┌─ The records

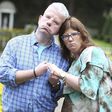 Couple who cannot smile because of a rare disease fall in love
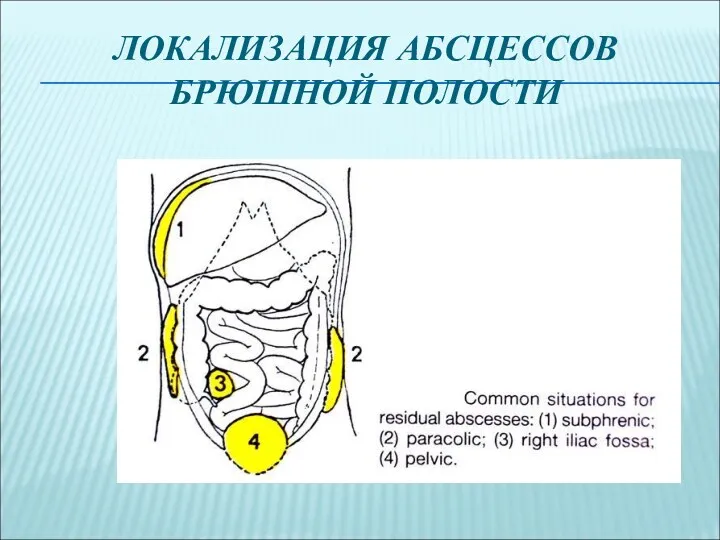 ЛОКАЛИЗАЦИЯ АБСЦЕССОВ БРЮШНОЙ ПОЛОСТИ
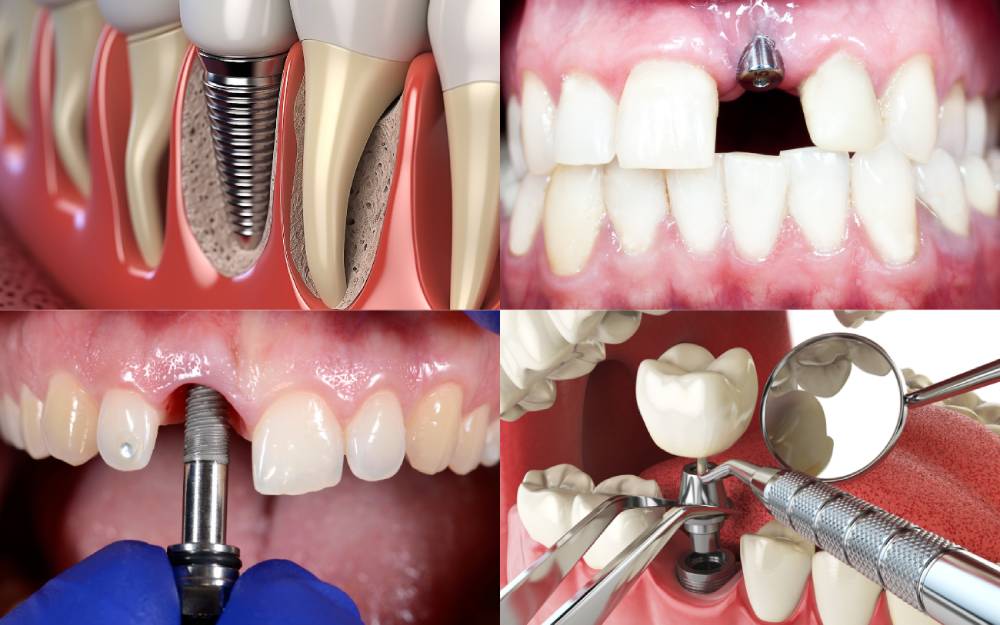 The Advantages of Dental Implants Over Traditional Dentures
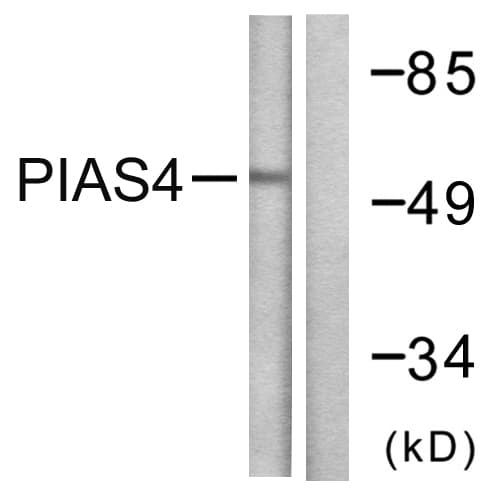 IHC-plus™ PIAS4 / PIASY Antibody (aa451-500)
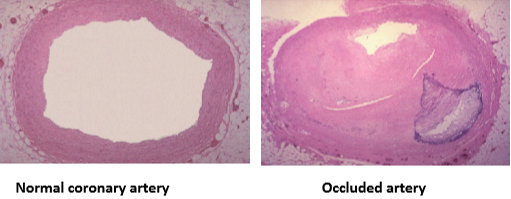 <p>narrows or completely blocks blood vessel, reducing or stopping blood flow</p>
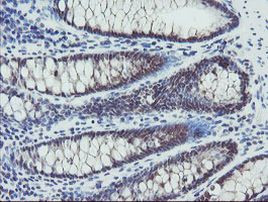 DPH2 Antibody in Immunohistochemistry (Paraffin) (IHC (P))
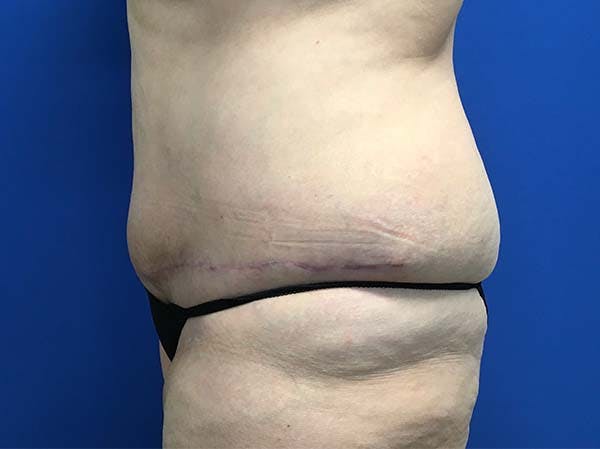 Tummy Tuck (Abdominoplasty) Gallery - Patient 121562692 - Image 6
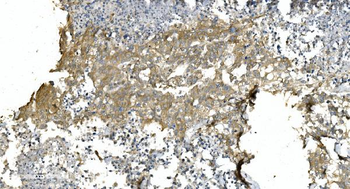 Tubulin alpha Mouse Monoclonal Antibody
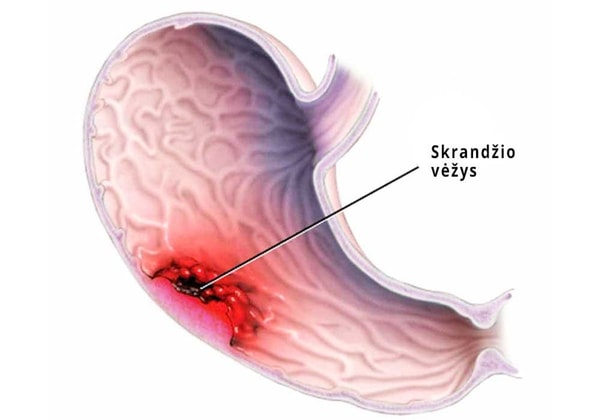 Skrandžio vėžio prevencija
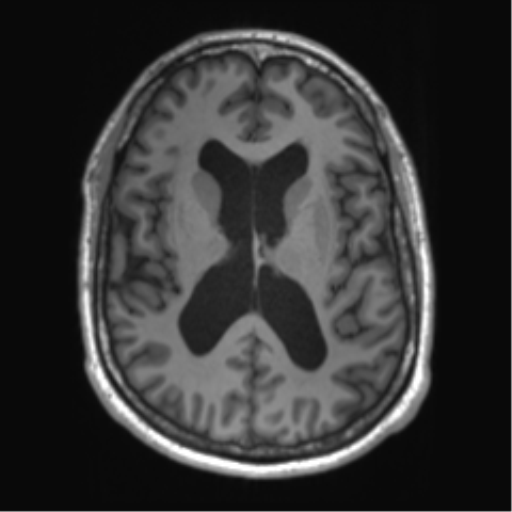 File:Achondroplasia (Radiopaedia 65109-74105 Axial T1 24).png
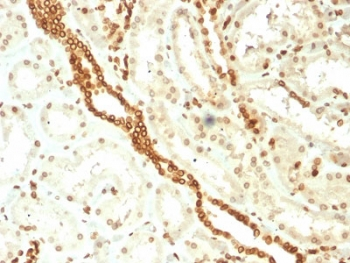 EMD / Emerin Antibody - IHC testing of FFPE human renal cell carcinoma with Emerin antibody (clone EMD/2168). Required HIER: boiling tissue sections in 10mM citrate buffer, pH 6, for 10-20 min and allow to cool prior to staining.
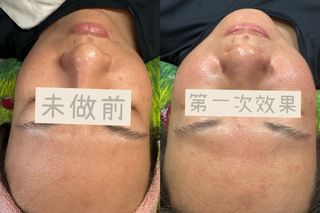 （分類：）位於 。 由 imhere_rulalay 提交（商品編號 1381662130，圖片 1）。簡介： 。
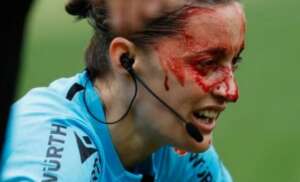 Colisão de árbitra assistente com câmera na Espanha choca mundo do futebol. Vídeo!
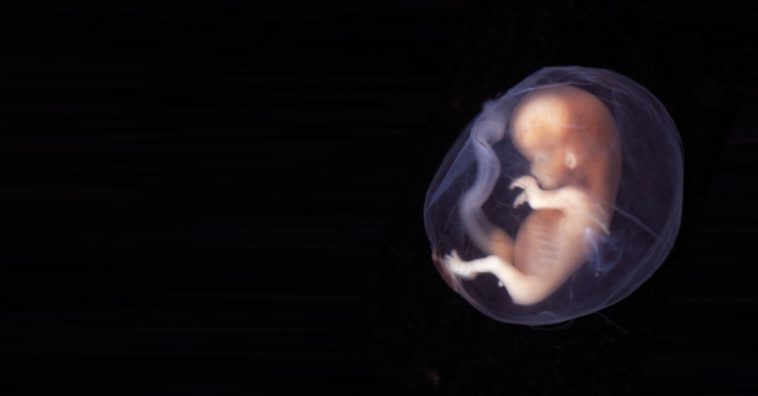 Mama comparte fotos de su feto abortado de 14 semanas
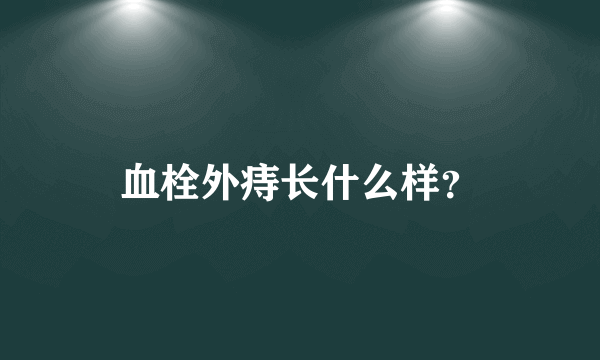 血栓外痔长什么样？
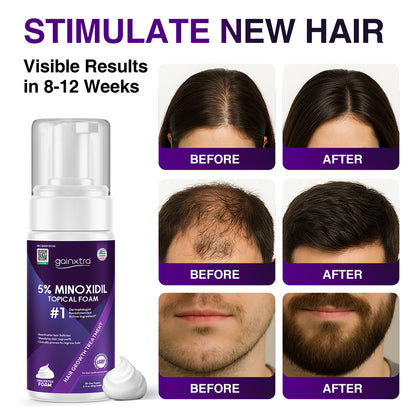 5% Minoxidil Topical Foam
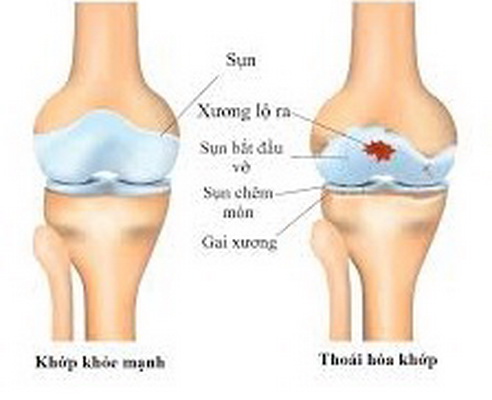 Hình ảnh khớp bị thoái hóa.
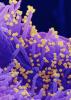 SARS-CoV-2 viruses highly magnified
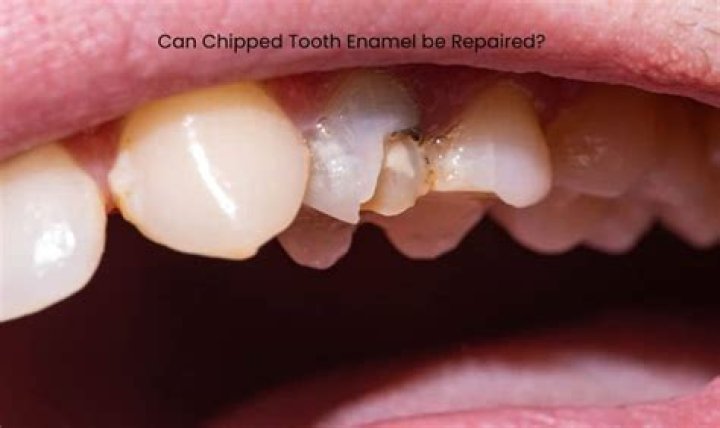 How can I restore my enamel?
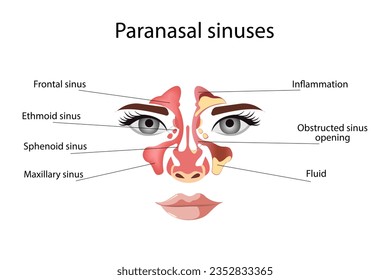 Sinusitis, weibliches Gesicht mit Entzündung der Schleimhaut der paranasalen und frontalen Nebenhöhlen. Vektorgrafik für medizinische Poster und Lehrmaterialien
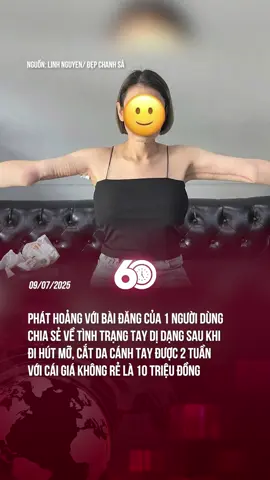 CHÚNG TA NÊN HẾT SỨC CẨN THẬN VÀ CẦN CÓ PHƯƠNG PHÁP CẢI THIỆN VÓC DÁNG HỢP LÝ ĐỂ TRÁNH TIỀN MẤT TẬT MANG =(( #tiktoknews #60giay #theanh28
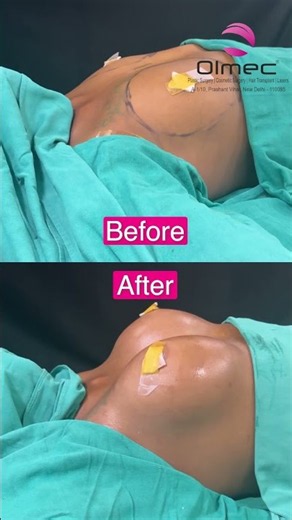 Breast Transformation ✨ | Before & After Breast Augmentation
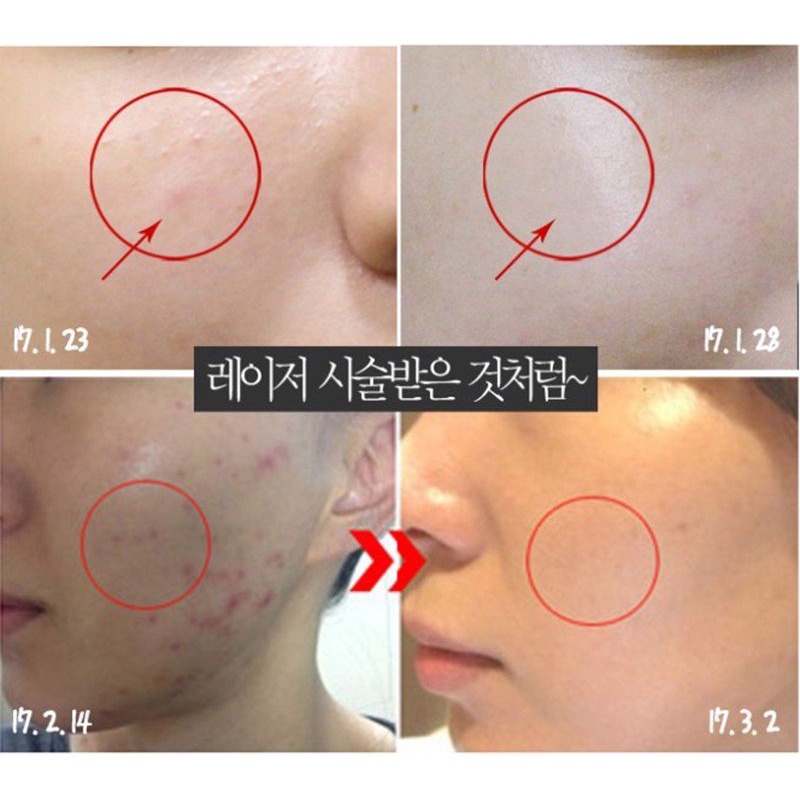 Kem Dưỡng Medi Peel Centella Giảm Mụn Phục Hồi Da Rau Má - Tuýp 30ml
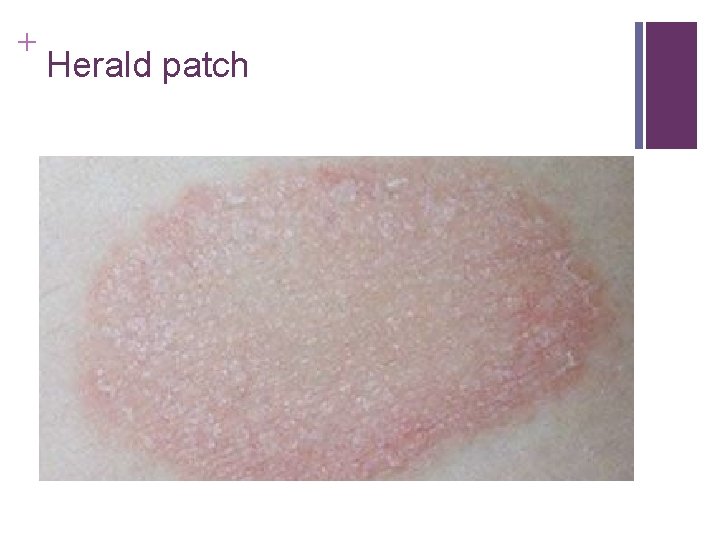 + Herald patch + Herald patch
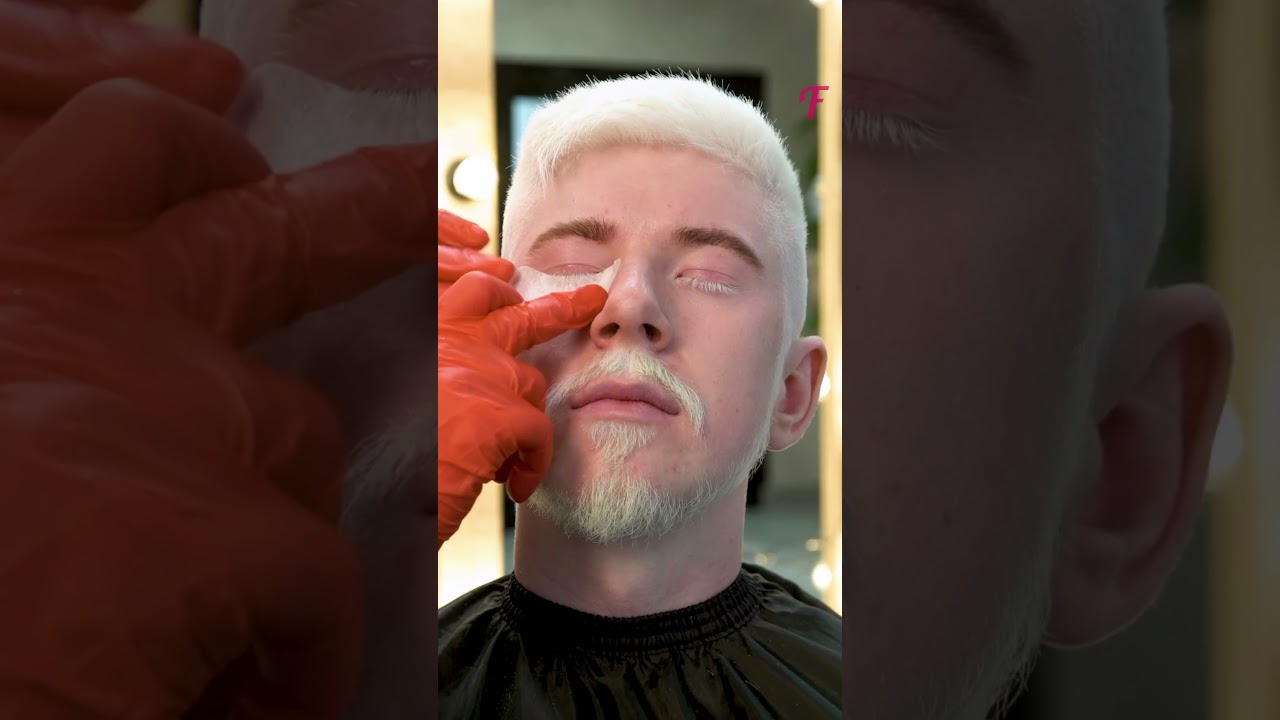 Life-changing makeover for albino man #shorts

└─

### Problem requirements
Please reproduce every entry above exactly, but leave out the pictures.

### Solved problem
 Couple who cannot smile because of a rare disease fall in love
 ЛОКАЛИЗАЦИЯ АБСЦЕССОВ БРЮШНОЙ ПОЛОСТИ
 The Advantages of Dental Implants Over Traditional Dentures
 IHC-plus™ PIAS4 / PIASY Antibody (aa451-500)
 <p>narrows or completely blocks blood vessel, reducing or stopping blood flow</p>
 DPH2 Antibody in Immunohistochemistry (Paraffin) (IHC (P))
 Tummy Tuck (Abdominoplasty) Gallery - Patient 121562692 - Image 6
 Tubulin alpha Mouse Monoclonal Antibody
 Skrandžio vėžio prevencija
 File:Achondroplasia (Radiopaedia 65109-74105 Axial T1 24).png
 EMD / Emerin Antibody - IHC testing of FFPE human renal cell carcinoma with Emerin antibody (clone EMD/2168). Required HIER: boiling tissue sections in 10mM citrate buffer, pH 6, for 10-20 min and allow to cool prior to staining.
 （分類：）位於 。 由 imhere_rulalay 提交（商品編號 1381662130，圖片 1）。簡介： 。
 Colisão de árbitra assistente com câmera na Espanha choca mundo do futebol. Vídeo!
 Mama comparte fotos de su feto abortado de 14 semanas
 血栓外痔长什么样？
 5% Minoxidil Topical Foam
 Hình ảnh khớp bị thoái hóa.
 SARS-CoV-2 viruses highly magnified
 How can I restore my enamel?
 Sinusitis, weibliches Gesicht mit Entzündung der Schleimhaut der paranasalen und frontalen Nebenhöhlen. Vektorgrafik für medizinische Poster und Lehrmaterialien
 CHÚNG TA NÊN HẾT SỨC CẨN THẬN VÀ CẦN CÓ PHƯƠNG PHÁP CẢI THIỆN VÓC DÁNG HỢP LÝ ĐỂ TRÁNH TIỀN MẤT TẬT MANG =(( #tiktoknews #60giay #theanh28
 Breast Transformation ✨ | Before & After Breast Augmentation
 Kem Dưỡng Medi Peel Centella Giảm Mụn Phục Hồi Da Rau Má - Tuýp 30ml
 + Herald patch + Herald patch
 Life-changing makeover for albino man #shorts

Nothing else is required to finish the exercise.